[Collected data entries]
━━━━━━━━━━━━━━━━

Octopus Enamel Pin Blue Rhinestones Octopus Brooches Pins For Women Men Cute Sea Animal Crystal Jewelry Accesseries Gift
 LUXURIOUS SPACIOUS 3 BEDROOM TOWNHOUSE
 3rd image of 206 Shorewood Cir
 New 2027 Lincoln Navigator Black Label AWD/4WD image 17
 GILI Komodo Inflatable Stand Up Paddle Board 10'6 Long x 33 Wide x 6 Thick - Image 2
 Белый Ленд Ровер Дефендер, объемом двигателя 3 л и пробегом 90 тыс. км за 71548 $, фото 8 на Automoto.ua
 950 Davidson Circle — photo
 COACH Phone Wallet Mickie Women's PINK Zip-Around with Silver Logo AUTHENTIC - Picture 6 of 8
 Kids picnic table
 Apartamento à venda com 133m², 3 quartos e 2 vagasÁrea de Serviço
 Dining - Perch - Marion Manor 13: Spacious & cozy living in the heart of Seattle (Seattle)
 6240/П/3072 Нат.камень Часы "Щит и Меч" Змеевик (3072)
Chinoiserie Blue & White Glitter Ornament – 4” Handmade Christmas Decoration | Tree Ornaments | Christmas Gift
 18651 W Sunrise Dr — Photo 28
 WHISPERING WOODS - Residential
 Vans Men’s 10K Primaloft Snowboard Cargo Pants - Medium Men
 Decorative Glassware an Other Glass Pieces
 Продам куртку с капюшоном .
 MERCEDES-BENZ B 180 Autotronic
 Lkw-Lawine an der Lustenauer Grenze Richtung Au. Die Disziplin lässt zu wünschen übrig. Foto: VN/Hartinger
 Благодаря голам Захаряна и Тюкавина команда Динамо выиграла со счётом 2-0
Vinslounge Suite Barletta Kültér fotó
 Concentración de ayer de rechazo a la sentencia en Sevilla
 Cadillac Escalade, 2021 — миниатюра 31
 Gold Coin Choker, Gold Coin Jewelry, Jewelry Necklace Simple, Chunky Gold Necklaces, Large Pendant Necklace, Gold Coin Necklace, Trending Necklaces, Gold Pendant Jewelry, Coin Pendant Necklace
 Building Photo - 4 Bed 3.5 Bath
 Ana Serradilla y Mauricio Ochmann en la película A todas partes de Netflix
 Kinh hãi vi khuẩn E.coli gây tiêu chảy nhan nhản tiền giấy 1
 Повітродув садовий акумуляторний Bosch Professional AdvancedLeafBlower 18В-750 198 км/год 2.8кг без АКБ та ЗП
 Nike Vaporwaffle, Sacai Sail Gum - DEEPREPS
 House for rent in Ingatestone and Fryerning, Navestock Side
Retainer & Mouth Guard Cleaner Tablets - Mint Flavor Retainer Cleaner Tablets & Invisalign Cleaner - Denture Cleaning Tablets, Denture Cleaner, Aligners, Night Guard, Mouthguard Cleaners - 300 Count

━━━━━━━━━━━━━━━━

• **What you will do**: Above are the records. Print exactly, and only, the lines from the line with "New 2027 Lincoln" to the line with "950 Davidson Circle — photo", both inclusive.

• **Response**:
 New 2027 Lincoln Navigator Black Label AWD/4WD image 17
 GILI Komodo Inflatable Stand Up Paddle Board 10'6 Long x 33 Wide x 6 Thick - Image 2
 Белый Ленд Ровер Дефендер, объемом двигателя 3 л и пробегом 90 тыс. км за 71548 $, фото 8 на Automoto.ua
 950 Davidson Circle — photo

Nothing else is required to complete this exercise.